--- Records provided Enclosed Below ---

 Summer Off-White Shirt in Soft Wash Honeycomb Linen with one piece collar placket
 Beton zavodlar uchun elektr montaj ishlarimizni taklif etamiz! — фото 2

--- End of Enclosed Records provided ---
--- Records provided Enclosed Below ---

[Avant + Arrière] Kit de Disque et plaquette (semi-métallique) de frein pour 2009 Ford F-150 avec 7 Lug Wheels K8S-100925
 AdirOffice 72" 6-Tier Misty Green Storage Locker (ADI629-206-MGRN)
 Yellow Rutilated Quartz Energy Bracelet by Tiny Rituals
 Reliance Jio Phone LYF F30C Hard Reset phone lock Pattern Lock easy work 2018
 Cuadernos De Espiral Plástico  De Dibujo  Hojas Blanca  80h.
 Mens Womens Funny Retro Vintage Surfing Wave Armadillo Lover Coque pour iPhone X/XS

--- End of Enclosed Records provided ---

→ **The task**: With the line holding "Cuadernos De Espiral" as the first and the line holding "Mens Womens Funny" as the last, please transcribe exactly the lines of the material above in that range and nothing else.

→ **Exercise solution**:
 Cuadernos De Espiral Plástico  De Dibujo  Hojas Blanca  80h.
 Mens Womens Funny Retro Vintage Surfing Wave Armadillo Lover Coque pour iPhone X/XS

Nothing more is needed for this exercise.